It doesn't really cost that much to at least store replicated data in an independent cloud, particularly a low-cost one like Digital Ocean.


Backup on site and store tertiary copies in a cloud. Storing all backups in AWS wouldn't meet a lot of compliance requirements. Even multiple AZs in AWS would not pass muster as there are single points of failure (API, auth, etc).


Whether you realize it or not, you believe in the Scapegoat Effect, and it's going to get you into a shitload of trouble some day.

Customers don't care if it's you're fault or not, they only care that your stuff is broken. That safety blanket of having a vendor to blame for the problem might feel like it'll protect your job but the fact is that there are many points in your career where there is one customer we can't afford to lose for financial or political reasons, and if your lack of pessimistic thinking loses us that customer, then you're boned. You might not be fired, but you'll be at the top of the list for a layoff round (and if the loss was financial, that'll happen).

In IT, we pay someone else to clean our offices and restock supplies because it's not part of our core business. It's fine to let that go. If I work at a hotel or a restaurant, though, 'we' have our own people that clean the buildings and equipment. Because a hotel is a clean, dry building that people rent in increments of 24 hours. Similarly, a restaurant has to build up a core competency in cleanliness or the health department will shut them down. If we violate that social contract, we take it in the teeth, and then people legislate away our opportunities to cut those corners.

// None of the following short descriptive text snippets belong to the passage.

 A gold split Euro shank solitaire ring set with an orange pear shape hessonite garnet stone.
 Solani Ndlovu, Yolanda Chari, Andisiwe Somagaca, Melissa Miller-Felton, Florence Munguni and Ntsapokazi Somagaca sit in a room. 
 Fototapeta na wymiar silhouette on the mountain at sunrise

For the life of me I can't figure out why IT companies are running to AWS. This is the exact same sort of facilities management problem that physical businesses deal with internally.

I have saved myself and my teams from a few architectural blunders by asking the head of IT or Operations what they think of my solution. Sometimes the answer starts with, "nobody would ever deploy a solution that looked like that". Better to get that feedback in private rather than in a post-mortem or via veto in a launch meeting. But I have had less and less access to that sort of domain knowledge over the last decade, between Cloud Services and centralized, faceless IT at some bigger companies. It's a huge loss of wisdom, and I don't know that the consequences are entirely outweighed by the advantages.


Erm.

In some orgs, recreating lost data, code, deployment and more is literally hundreds of thousands of hours of work.

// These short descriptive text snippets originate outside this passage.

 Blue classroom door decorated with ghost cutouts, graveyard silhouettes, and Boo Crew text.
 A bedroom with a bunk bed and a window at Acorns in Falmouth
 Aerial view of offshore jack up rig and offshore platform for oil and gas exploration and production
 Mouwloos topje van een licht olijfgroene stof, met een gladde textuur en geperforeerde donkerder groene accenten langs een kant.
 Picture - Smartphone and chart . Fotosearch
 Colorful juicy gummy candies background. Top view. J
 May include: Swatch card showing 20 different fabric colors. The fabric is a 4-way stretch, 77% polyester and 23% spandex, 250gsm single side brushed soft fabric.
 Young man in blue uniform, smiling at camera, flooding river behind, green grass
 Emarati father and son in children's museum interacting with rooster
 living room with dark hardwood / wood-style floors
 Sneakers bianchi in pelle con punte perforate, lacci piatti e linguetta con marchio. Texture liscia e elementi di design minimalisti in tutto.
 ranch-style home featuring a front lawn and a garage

In a smaller org, the devastation can be just as stark. Loosing hundreds of hours of work can be a death knell.

Anyone advocating placing an entire orgs's future on one provider is literally, completely incompetent.

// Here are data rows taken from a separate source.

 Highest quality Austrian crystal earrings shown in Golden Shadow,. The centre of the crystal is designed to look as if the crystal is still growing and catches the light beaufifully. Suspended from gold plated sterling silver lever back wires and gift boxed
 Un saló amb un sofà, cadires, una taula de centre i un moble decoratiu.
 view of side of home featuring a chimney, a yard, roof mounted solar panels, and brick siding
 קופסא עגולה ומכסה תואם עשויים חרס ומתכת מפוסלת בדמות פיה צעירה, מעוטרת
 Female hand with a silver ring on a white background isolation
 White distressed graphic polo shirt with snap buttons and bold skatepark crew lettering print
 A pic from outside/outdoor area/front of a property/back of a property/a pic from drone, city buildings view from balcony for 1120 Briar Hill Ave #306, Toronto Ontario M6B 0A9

It's the equiv of a home user thinking all their baby pics will be safe on google or facebook. It is just plain dumb.


Having an additional AWS account which some S3 backs up to, with write only permissions (no delete) and in an account that is not used by anyone, seems like a good idea for this type of situation/concern.


I had this experience when I asked about s3 backup also (after a junior programmer deleted a directory in our s3 bucket...). The response from r/aws was "just don't let that happen" or ("use IAM roles")


411, in the latest reInvent AWS announced preview of AWS Backup for S3 (right now in USW2 only).

Relevant blog post, https://aws.amazon.com/blogs/aws/preview-aws-backup-adds-sup...


> I asked what if we delete data from app by mistake? They told me we need to be careful not to do that.

Ah, the Vinnie Boombatz treatment.


Maybe they are getting tired of arrogant older programmers assuming they cannot possibly be wrong. God forbid a 25 year old might actually have a good idea (and I am far removed from my 20s).

Maybe having S3 redundancy wasn't the most important thing to be tackled? Does your company really need that complexity? Are you so big and such an important service that you cannot possibly risk going down or losing data?


You really chose to die on “backups are for old people” as a hill?


I'm not sure how you got "backups are for old people" from my post. My point is that there are two sides to this. Perhaps the data being stored on S3 data _was_ backup data and this engineer was proposing replicating the backup data to GCP. That's probably not the highest priority for most companies. Maybe the OP was right and the other engineers were wrong. Who knows.

In my experience, the kind of person that argues about "arrogant 25 year olds that know everything" is the kind of person that only sees their side of a discussion and refuses to understand the whole context. Maybe OP was in the right, maybe they weren't. But the fact that they are focusing on age and making ad hominem attacks is a red flag in my book.


I’ve most definitely been in numerous places where arrogant 25 year olds with CS degrees but not smart enough to make it to FAAnG think they know what they are talking about when they don’t. Not every 25yo is an idiot, but many especially in tech think they are smarter than they are because they’re paid these obscene amounts of money.


I’d love to know what someone works on when the risk of losing data is not worth one or two days engineering work.


But that's just it; you can't even have that discussion if the response to "hey, should we be backing up beyond S3 redundancy?" is "No. Why would we? S3 is infallible"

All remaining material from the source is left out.